(Supplied data Opens)
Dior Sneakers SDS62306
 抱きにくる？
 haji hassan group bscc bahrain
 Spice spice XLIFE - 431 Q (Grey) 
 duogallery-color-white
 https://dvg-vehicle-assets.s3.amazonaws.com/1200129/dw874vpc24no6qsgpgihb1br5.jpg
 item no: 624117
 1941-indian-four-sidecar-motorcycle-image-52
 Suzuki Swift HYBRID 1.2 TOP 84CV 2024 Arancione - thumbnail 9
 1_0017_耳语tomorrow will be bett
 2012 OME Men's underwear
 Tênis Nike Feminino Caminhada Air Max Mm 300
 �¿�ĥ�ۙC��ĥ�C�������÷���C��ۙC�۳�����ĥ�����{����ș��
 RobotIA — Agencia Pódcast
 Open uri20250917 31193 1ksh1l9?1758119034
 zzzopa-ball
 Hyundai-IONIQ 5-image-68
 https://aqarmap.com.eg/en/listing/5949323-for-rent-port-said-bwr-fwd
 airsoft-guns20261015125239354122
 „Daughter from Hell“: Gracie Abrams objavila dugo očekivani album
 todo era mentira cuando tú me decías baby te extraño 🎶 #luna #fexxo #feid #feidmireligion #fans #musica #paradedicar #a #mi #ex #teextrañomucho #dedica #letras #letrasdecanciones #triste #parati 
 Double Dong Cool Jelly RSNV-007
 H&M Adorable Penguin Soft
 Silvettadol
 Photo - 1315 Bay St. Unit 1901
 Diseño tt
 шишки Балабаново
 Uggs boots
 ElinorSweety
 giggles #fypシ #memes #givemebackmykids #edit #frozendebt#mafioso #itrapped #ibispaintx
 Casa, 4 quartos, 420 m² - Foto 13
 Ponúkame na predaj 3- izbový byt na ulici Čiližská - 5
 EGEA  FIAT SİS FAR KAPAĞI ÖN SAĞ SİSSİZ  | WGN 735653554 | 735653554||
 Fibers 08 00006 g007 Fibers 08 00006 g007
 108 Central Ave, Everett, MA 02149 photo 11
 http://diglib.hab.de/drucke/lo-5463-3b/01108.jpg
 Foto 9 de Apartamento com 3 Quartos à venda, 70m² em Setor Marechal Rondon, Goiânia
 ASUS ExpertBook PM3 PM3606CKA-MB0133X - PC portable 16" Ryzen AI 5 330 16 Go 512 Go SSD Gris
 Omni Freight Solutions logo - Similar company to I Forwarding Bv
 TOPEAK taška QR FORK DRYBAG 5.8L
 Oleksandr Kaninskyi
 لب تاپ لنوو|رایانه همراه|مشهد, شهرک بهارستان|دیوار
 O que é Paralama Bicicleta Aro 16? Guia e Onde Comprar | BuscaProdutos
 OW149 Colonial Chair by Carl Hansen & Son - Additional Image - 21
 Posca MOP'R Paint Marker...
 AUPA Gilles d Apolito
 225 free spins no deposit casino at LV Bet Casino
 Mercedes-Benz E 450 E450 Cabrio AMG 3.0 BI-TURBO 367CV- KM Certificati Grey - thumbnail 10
(Supplied data Closes)
What needs to be done> Write out exactly the lines that fall from the line with "ElinorSweety" to the line with "Foto 9 de Apartamento" in the records above, keeping both ends.

Reply to the exercise>
 ElinorSweety
 giggles #fypシ #memes #givemebackmykids #edit #frozendebt#mafioso #itrapped #ibispaintx
 Casa, 4 quartos, 420 m² - Foto 13
 Ponúkame na predaj 3- izbový byt na ulici Čiližská - 5
 EGEA  FIAT SİS FAR KAPAĞI ÖN SAĞ SİSSİZ  | WGN 735653554 | 735653554||
 Fibers 08 00006 g007 Fibers 08 00006 g007
 108 Central Ave, Everett, MA 02149 photo 11
 http://diglib.hab.de/drucke/lo-5463-3b/01108.jpg
 Foto 9 de Apartamento com 3 Quartos à venda, 70m² em Setor Marechal Rondon, Goiânia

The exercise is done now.